If I stay silent, I am damned!”
-Victor Hugo, Les Misérables
It is a convoluted world. The money rolls in from the Fed, the ECB and various European funds where money is pledged by each country and put up by none. Pledges, contingent liabilities, guarantees of bank debt are not counted but have not vanished and show up when the bills are due decreasing the assets of everyone.
The newly printed money must find a home and so supports the sovereign debt yields while costing each European government more in the process. Austerity fails, unemployment rises, economies decline, more taxes are applied and the use of newly printed money is the only thing that separates us from some sort of financial chaos.
The differential between the European economies and the European markets increases and the actual losses increase. Securitizations pledged at the ECB are massive and chock full of bad Real Estate and commercial loans that are hidden and swept under the rug in Frankfurt. It is a dangerous business and a charade of the worst kind as no one has any real notion of the danger.
“If the soul is left in darkness sins will be committed. The guilty one is not he who commits the sin, but he who causes the darkness.”

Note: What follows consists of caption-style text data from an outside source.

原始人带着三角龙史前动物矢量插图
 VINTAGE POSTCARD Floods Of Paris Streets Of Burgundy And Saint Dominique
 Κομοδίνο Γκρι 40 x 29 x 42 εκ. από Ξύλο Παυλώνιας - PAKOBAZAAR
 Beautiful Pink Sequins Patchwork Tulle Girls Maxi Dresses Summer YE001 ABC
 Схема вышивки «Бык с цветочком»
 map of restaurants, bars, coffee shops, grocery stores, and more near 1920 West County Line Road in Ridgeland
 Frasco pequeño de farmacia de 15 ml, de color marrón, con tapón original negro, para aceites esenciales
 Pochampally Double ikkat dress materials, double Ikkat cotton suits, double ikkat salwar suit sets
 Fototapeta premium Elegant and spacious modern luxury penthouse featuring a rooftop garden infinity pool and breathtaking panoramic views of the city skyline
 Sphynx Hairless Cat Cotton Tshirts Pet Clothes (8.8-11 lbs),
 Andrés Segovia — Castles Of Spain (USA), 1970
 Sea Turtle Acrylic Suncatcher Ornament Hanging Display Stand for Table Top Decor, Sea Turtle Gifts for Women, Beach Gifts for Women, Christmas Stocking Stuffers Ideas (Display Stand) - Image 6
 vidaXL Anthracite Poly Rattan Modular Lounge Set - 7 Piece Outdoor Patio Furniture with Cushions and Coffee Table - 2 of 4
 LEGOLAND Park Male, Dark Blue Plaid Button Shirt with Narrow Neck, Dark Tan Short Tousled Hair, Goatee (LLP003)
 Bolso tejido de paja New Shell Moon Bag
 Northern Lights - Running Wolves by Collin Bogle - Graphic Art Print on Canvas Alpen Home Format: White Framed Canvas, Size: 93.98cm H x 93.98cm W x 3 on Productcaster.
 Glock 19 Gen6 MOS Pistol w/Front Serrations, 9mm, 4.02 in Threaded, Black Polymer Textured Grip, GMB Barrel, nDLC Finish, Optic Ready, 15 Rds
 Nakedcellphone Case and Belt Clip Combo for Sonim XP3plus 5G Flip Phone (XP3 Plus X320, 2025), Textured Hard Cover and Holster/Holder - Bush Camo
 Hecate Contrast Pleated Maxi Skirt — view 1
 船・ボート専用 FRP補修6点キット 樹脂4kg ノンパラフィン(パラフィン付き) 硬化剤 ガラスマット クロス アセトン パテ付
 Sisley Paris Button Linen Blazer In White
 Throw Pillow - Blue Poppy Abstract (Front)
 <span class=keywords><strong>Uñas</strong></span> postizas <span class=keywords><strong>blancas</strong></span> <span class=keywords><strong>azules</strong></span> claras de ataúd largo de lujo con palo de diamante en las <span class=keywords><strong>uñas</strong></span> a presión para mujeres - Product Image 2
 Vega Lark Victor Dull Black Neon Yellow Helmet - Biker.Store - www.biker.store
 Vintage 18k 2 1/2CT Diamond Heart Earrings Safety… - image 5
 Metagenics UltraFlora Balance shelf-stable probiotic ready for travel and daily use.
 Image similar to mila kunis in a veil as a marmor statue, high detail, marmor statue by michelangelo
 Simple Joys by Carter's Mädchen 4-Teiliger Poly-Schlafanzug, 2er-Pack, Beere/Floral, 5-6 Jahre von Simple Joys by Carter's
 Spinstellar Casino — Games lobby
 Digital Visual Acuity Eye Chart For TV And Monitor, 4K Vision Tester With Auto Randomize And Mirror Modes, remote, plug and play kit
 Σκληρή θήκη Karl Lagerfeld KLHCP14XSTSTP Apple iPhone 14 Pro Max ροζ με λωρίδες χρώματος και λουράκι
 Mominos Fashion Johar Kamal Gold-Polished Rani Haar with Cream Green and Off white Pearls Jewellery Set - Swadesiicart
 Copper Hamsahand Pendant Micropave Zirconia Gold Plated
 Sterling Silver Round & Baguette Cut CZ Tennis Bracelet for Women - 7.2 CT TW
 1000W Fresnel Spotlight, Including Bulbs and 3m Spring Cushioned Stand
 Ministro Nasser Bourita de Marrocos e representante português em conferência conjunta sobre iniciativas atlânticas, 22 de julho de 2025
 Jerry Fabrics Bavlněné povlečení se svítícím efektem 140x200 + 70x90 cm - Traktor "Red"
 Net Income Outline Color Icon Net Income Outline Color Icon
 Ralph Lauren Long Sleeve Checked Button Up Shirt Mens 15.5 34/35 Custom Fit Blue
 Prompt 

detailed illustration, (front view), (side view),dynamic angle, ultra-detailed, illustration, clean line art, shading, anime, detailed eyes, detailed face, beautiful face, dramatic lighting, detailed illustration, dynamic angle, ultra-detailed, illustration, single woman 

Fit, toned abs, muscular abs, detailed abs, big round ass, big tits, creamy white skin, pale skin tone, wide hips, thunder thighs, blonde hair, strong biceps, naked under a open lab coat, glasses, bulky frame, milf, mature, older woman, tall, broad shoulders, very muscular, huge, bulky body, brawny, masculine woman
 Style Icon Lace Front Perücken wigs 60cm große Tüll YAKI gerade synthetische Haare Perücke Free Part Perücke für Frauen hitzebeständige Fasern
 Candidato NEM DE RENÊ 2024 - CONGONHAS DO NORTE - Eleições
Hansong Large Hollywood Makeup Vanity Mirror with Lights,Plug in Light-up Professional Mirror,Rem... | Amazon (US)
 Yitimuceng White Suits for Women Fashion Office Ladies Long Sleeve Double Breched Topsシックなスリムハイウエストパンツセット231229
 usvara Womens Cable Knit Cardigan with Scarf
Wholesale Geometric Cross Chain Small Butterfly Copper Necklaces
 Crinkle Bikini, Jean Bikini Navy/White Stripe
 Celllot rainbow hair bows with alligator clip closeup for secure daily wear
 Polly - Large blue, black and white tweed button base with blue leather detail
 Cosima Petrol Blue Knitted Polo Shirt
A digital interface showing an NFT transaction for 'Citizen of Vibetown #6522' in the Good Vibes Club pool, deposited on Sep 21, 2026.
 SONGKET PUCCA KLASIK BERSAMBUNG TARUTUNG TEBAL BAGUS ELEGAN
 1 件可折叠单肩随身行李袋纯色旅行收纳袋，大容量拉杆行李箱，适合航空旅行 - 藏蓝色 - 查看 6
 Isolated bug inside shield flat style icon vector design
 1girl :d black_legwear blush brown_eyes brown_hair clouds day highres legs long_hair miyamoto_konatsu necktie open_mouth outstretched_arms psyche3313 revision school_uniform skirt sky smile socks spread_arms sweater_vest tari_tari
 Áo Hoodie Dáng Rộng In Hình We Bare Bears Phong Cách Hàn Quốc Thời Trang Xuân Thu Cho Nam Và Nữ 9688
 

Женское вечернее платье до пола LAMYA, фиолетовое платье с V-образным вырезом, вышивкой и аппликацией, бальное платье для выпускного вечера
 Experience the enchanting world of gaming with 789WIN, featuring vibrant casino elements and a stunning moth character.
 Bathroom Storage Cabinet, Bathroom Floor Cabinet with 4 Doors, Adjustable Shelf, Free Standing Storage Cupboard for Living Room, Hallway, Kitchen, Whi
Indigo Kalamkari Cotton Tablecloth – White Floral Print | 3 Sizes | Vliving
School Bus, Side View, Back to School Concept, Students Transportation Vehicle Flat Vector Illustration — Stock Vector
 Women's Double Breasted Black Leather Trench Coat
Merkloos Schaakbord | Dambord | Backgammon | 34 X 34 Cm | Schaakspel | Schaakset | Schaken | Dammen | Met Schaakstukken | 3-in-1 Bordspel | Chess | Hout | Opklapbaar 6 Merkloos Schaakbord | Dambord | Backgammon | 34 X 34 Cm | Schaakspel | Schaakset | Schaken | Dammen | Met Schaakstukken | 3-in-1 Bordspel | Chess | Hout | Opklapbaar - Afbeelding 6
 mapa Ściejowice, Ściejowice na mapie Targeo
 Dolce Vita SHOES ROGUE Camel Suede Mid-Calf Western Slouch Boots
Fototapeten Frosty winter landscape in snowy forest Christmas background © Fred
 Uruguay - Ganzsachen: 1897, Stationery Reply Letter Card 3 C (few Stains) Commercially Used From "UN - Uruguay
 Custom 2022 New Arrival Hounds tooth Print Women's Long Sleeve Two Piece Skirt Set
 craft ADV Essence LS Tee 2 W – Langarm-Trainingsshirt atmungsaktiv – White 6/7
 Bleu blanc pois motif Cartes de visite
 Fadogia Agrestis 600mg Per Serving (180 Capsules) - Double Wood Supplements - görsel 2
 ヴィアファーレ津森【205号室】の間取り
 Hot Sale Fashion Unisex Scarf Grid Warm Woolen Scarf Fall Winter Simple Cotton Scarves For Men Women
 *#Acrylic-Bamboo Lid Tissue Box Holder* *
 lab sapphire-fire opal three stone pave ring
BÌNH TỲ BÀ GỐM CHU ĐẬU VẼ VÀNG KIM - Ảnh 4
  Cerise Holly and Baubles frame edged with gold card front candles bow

-Victor Hugo, Les Misérables
France
The Official French GDP $2.638 trillion
FRANCE’S NATIONAL DEBT
Admitted Sovereign Debt $2.37 trillion
Loans to the Nation $214.9 billion
Admitted Bank Guaranteed Debt $479 billion
Dexia Guarantee $ 55.48 billion
Total National Debt $3.119 trillion
FRANCE’S EUROPEAN DEBT
France’s Liabilities at the ECB $569 billion
France’s cost for the EU Budget $ 23.2 billion
France’s Liabilities for the Stabilization Funds $110 billion
France’s Liabilities for the Macro Fin Ass. Fund $203 billion
France’s Guarantee of the EIB Debt $137.6 billion
France’s Total European Debt $1.043 trillion
France’s National and European Debt $4.162 trillion
France’s Official Debt to GDP Ratio 90.2%
France’s ACTUAL Debt to GDP Ratio 158%
I would say that Mr. Hollande has been a disaster for France. I state this not just based solely on economics but also upon their leadership in Europe. There was a time when Germany and France operated in some sort of tandem but now France has declined to a status where it gets the occasional nod from Berlin but that would be about the extent of it. It is now Germany and then everyone else in a pecking order designed and approved in Berlin where France ranks slightly ahead of Spain and Italy but not by much.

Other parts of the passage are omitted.